Last week Sisulu said she wanted an apology from SCOPA and said she would not appear before the financial watchdog until she received that apology. She has also lodged a complaint with Deputy President Kgalema Motlanthe – in his role as leader of government business.
“I have decided that until this is resolved I will absent myself from SCOPA,” Sisulu is reported saying. Business Day newspaper Friday reported Sisulu was deeply offended that her integrity had been attacked through the media following her failure on three occasions this year to appear before the committee to discuss the department’s troubled finances. The South African Broadcasting Corporation added Sisulu believed the allegations were unparliamentary and malicious. Committee members had publicly and with “unprecedented venom” suggested that she was arrogant and disrespectful of Parliament, Sisulu said. “They were talking about me as though I was some recalcitrant child. I really did resent what I saw on television.”

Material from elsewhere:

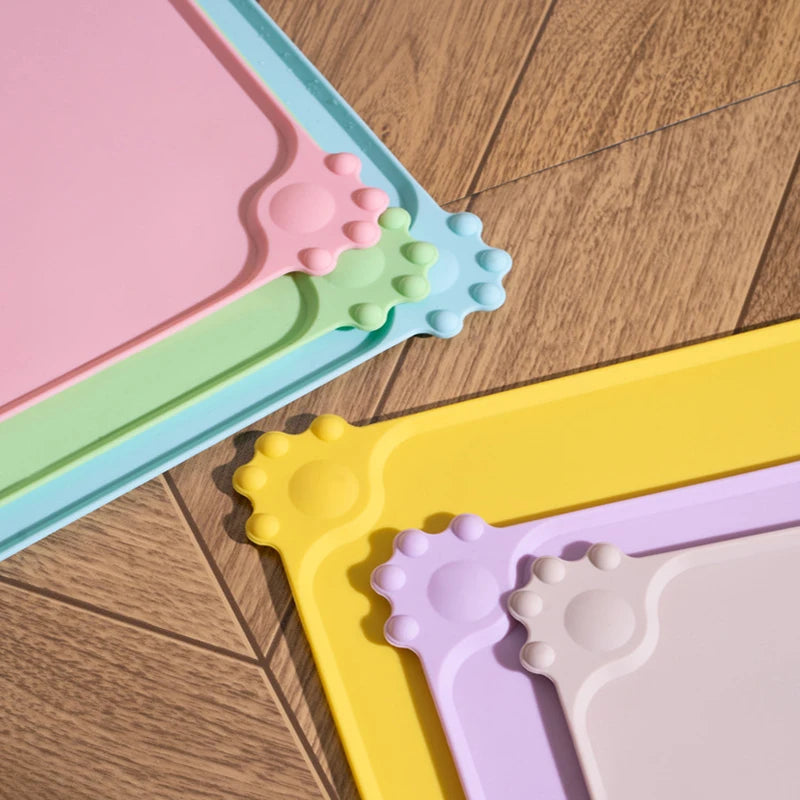Tapis de gamelle en silicone pour chien et chat - Facile a nettoyer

But the DA duo say the Constitution is clear: in terms of Section 56 (a) any committee of the National Assembly – which includes Scopa – may “summon any person to appear before it to give evidence on oath or affirmation, or to produce documents”. Moreover, a person who fails to appear can be compelled to appear in terms of Section 14 of the Powers, Privileges and Immunities of Parliament and Provincial Legislatures Act (No. 4 of 2004), they add.

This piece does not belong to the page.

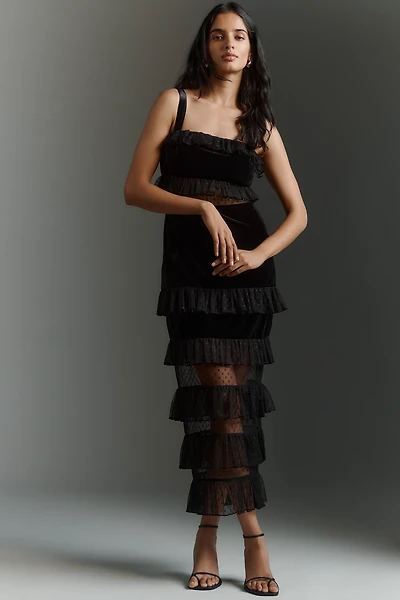 Avec Les Filles Sheer Panel Tiered Midi Dress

“The minister now runs the risk of being summoned to appear before SCOPA. However, this is a very drastic step, and we would urge the minister to appear voluntarily before SCOPA. The fact is that the defence department is in a huge mess – the report on the department’s asset register comprises of ten blank pages – and we need to be assured that there are plans in place to sort it out,” they say. “We cannot allow the minister to ride roughshod over parliament and simply boycott being accountable to SCOPA”.